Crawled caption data
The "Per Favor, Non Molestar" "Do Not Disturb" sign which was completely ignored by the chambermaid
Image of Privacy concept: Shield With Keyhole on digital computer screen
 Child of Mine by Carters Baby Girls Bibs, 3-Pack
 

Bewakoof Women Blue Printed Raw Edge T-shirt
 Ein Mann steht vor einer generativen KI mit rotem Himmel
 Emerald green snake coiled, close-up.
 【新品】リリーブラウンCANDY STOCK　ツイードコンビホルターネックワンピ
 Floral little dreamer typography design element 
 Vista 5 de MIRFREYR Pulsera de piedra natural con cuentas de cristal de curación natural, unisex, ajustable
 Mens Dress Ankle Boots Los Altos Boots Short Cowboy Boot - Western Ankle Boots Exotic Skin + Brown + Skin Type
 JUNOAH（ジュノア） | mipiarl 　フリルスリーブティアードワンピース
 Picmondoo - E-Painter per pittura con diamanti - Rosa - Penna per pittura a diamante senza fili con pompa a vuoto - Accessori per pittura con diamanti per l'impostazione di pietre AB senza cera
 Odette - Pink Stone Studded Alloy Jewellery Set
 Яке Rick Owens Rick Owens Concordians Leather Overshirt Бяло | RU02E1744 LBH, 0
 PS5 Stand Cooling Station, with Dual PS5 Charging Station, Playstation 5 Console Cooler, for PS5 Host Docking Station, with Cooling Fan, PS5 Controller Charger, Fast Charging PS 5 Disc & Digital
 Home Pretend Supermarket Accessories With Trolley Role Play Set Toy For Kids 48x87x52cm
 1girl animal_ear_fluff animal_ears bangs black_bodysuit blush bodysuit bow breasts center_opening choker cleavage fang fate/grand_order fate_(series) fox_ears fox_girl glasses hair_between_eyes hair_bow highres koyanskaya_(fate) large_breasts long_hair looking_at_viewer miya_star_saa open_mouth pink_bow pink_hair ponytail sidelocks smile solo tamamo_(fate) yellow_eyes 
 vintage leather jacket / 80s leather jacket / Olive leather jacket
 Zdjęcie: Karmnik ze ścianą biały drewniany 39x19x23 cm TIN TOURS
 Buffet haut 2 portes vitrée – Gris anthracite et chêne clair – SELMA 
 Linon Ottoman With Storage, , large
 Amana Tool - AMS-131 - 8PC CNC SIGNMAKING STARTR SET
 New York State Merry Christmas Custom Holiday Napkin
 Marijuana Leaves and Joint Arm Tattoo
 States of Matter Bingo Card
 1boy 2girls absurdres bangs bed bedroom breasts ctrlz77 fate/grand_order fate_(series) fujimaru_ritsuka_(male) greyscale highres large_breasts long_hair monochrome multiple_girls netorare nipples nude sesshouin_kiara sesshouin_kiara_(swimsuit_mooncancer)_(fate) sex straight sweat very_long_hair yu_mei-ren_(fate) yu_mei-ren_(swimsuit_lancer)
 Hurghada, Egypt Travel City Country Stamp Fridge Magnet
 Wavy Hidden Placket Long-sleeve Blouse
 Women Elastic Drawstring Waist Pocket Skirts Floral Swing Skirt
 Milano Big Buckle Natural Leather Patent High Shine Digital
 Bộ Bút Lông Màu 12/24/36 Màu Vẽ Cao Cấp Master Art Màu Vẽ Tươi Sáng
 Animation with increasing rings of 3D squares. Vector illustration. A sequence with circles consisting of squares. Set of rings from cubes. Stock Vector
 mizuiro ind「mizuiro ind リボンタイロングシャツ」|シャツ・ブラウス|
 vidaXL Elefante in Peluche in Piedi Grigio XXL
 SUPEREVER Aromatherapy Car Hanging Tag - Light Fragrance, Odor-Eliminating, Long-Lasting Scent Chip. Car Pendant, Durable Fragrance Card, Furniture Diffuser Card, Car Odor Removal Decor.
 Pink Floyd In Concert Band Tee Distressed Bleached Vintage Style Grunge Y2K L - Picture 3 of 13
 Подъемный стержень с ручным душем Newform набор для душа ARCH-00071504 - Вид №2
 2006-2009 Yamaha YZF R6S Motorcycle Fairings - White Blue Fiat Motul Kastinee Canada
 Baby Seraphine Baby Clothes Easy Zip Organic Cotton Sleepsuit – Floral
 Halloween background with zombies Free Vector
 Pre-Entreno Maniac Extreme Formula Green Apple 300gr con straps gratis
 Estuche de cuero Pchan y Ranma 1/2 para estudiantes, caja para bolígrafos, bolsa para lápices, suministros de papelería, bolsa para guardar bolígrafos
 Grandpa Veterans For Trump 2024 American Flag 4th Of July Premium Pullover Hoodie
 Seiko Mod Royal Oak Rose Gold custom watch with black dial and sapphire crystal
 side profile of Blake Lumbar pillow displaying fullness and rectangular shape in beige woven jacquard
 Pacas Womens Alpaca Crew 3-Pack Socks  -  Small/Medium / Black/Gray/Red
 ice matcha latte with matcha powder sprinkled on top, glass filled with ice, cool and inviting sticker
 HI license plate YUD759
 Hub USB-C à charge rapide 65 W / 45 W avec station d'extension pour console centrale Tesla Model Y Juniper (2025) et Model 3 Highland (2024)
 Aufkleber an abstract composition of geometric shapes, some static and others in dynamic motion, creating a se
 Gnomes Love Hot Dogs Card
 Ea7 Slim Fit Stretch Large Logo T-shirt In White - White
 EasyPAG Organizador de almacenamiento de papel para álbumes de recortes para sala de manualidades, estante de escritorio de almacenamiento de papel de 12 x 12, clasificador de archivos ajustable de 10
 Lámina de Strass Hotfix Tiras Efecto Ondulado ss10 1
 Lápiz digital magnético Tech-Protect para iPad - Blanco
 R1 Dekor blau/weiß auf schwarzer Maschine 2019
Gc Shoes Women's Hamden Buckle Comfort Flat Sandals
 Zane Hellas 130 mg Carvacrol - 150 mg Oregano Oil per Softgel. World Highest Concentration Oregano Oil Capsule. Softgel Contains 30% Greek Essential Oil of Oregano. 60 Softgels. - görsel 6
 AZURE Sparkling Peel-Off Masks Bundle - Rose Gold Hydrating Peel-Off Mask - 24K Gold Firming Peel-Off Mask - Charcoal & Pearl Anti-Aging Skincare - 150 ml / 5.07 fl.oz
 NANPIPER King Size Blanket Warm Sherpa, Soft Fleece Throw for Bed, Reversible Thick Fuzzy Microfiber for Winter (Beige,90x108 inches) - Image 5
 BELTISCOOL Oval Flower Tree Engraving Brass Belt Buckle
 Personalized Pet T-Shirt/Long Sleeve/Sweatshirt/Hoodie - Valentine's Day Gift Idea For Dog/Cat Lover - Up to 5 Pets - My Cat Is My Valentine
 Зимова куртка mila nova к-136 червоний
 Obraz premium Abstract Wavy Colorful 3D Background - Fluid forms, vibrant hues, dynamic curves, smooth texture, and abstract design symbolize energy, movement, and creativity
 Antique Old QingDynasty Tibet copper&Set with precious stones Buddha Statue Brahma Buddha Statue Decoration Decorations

• [WHAT THIS TASK INVOLVES]:
The records above must be transcribed line for line, exactly.

• [RESPONSE TO THIS TASK]:
The "Per Favor, Non Molestar" "Do Not Disturb" sign which was completely ignored by the chambermaid
Image of Privacy concept: Shield With Keyhole on digital computer screen
 Child of Mine by Carters Baby Girls Bibs, 3-Pack
 

Bewakoof Women Blue Printed Raw Edge T-shirt
 Ein Mann steht vor einer generativen KI mit rotem Himmel
 Emerald green snake coiled, close-up.
 【新品】リリーブラウンCANDY STOCK　ツイードコンビホルターネックワンピ
 Floral little dreamer typography design element 
 Vista 5 de MIRFREYR Pulsera de piedra natural con cuentas de cristal de curación natural, unisex, ajustable
 Mens Dress Ankle Boots Los Altos Boots Short Cowboy Boot - Western Ankle Boots Exotic Skin + Brown + Skin Type
 JUNOAH（ジュノア） | mipiarl 　フリルスリーブティアードワンピース
 Picmondoo - E-Painter per pittura con diamanti - Rosa - Penna per pittura a diamante senza fili con pompa a vuoto - Accessori per pittura con diamanti per l'impostazione di pietre AB senza cera
 Odette - Pink Stone Studded Alloy Jewellery Set
 Яке Rick Owens Rick Owens Concordians Leather Overshirt Бяло | RU02E1744 LBH, 0
 PS5 Stand Cooling Station, with Dual PS5 Charging Station, Playstation 5 Console Cooler, for PS5 Host Docking Station, with Cooling Fan, PS5 Controller Charger, Fast Charging PS 5 Disc & Digital
 Home Pretend Supermarket Accessories With Trolley Role Play Set Toy For Kids 48x87x52cm
 1girl animal_ear_fluff animal_ears bangs black_bodysuit blush bodysuit bow breasts center_opening choker cleavage fang fate/grand_order fate_(series) fox_ears fox_girl glasses hair_between_eyes hair_bow highres koyanskaya_(fate) large_breasts long_hair looking_at_viewer miya_star_saa open_mouth pink_bow pink_hair ponytail sidelocks smile solo tamamo_(fate) yellow_eyes 
 vintage leather jacket / 80s leather jacket / Olive leather jacket
 Zdjęcie: Karmnik ze ścianą biały drewniany 39x19x23 cm TIN TOURS
 Buffet haut 2 portes vitrée – Gris anthracite et chêne clair – SELMA 
 Linon Ottoman With Storage, , large
 Amana Tool - AMS-131 - 8PC CNC SIGNMAKING STARTR SET
 New York State Merry Christmas Custom Holiday Napkin
 Marijuana Leaves and Joint Arm Tattoo
 States of Matter Bingo Card
 1boy 2girls absurdres bangs bed bedroom breasts ctrlz77 fate/grand_order fate_(series) fujimaru_ritsuka_(male) greyscale highres large_breasts long_hair monochrome multiple_girls netorare nipples nude sesshouin_kiara sesshouin_kiara_(swimsuit_mooncancer)_(fate) sex straight sweat very_long_hair yu_mei-ren_(fate) yu_mei-ren_(swimsuit_lancer)
 Hurghada, Egypt Travel City Country Stamp Fridge Magnet
 Wavy Hidden Placket Long-sleeve Blouse
 Women Elastic Drawstring Waist Pocket Skirts Floral Swing Skirt
 Milano Big Buckle Natural Leather Patent High Shine Digital
 Bộ Bút Lông Màu 12/24/36 Màu Vẽ Cao Cấp Master Art Màu Vẽ Tươi Sáng
 Animation with increasing rings of 3D squares. Vector illustration. A sequence with circles consisting of squares. Set of rings from cubes. Stock Vector
 mizuiro ind「mizuiro ind リボンタイロングシャツ」|シャツ・ブラウス|
 vidaXL Elefante in Peluche in Piedi Grigio XXL
 SUPEREVER Aromatherapy Car Hanging Tag - Light Fragrance, Odor-Eliminating, Long-Lasting Scent Chip. Car Pendant, Durable Fragrance Card, Furniture Diffuser Card, Car Odor Removal Decor.
 Pink Floyd In Concert Band Tee Distressed Bleached Vintage Style Grunge Y2K L - Picture 3 of 13
 Подъемный стержень с ручным душем Newform набор для душа ARCH-00071504 - Вид №2
 2006-2009 Yamaha YZF R6S Motorcycle Fairings - White Blue Fiat Motul Kastinee Canada
 Baby Seraphine Baby Clothes Easy Zip Organic Cotton Sleepsuit – Floral
 Halloween background with zombies Free Vector
 Pre-Entreno Maniac Extreme Formula Green Apple 300gr con straps gratis
 Estuche de cuero Pchan y Ranma 1/2 para estudiantes, caja para bolígrafos, bolsa para lápices, suministros de papelería, bolsa para guardar bolígrafos
 Grandpa Veterans For Trump 2024 American Flag 4th Of July Premium Pullover Hoodie
 Seiko Mod Royal Oak Rose Gold custom watch with black dial and sapphire crystal
 side profile of Blake Lumbar pillow displaying fullness and rectangular shape in beige woven jacquard
 Pacas Womens Alpaca Crew 3-Pack Socks  -  Small/Medium / Black/Gray/Red
 ice matcha latte with matcha powder sprinkled on top, glass filled with ice, cool and inviting sticker
 HI license plate YUD759
 Hub USB-C à charge rapide 65 W / 45 W avec station d'extension pour console centrale Tesla Model Y Juniper (2025) et Model 3 Highland (2024)
 Aufkleber an abstract composition of geometric shapes, some static and others in dynamic motion, creating a se
 Gnomes Love Hot Dogs Card
 Ea7 Slim Fit Stretch Large Logo T-shirt In White - White
 EasyPAG Organizador de almacenamiento de papel para álbumes de recortes para sala de manualidades, estante de escritorio de almacenamiento de papel de 12 x 12, clasificador de archivos ajustable de 10
 Lámina de Strass Hotfix Tiras Efecto Ondulado ss10 1
 Lápiz digital magnético Tech-Protect para iPad - Blanco
 R1 Dekor blau/weiß auf schwarzer Maschine 2019
Gc Shoes Women's Hamden Buckle Comfort Flat Sandals
 Zane Hellas 130 mg Carvacrol - 150 mg Oregano Oil per Softgel. World Highest Concentration Oregano Oil Capsule. Softgel Contains 30% Greek Essential Oil of Oregano. 60 Softgels. - görsel 6
 AZURE Sparkling Peel-Off Masks Bundle - Rose Gold Hydrating Peel-Off Mask - 24K Gold Firming Peel-Off Mask - Charcoal & Pearl Anti-Aging Skincare - 150 ml / 5.07 fl.oz
 NANPIPER King Size Blanket Warm Sherpa, Soft Fleece Throw for Bed, Reversible Thick Fuzzy Microfiber for Winter (Beige,90x108 inches) - Image 5
 BELTISCOOL Oval Flower Tree Engraving Brass Belt Buckle
 Personalized Pet T-Shirt/Long Sleeve/Sweatshirt/Hoodie - Valentine's Day Gift Idea For Dog/Cat Lover - Up to 5 Pets - My Cat Is My Valentine
 Зимова куртка mila nova к-136 червоний
 Obraz premium Abstract Wavy Colorful 3D Background - Fluid forms, vibrant hues, dynamic curves, smooth texture, and abstract design symbolize energy, movement, and creativity
 Antique Old QingDynasty Tibet copper&Set with precious stones Buddha Statue Brahma Buddha Statue Decoration Decorations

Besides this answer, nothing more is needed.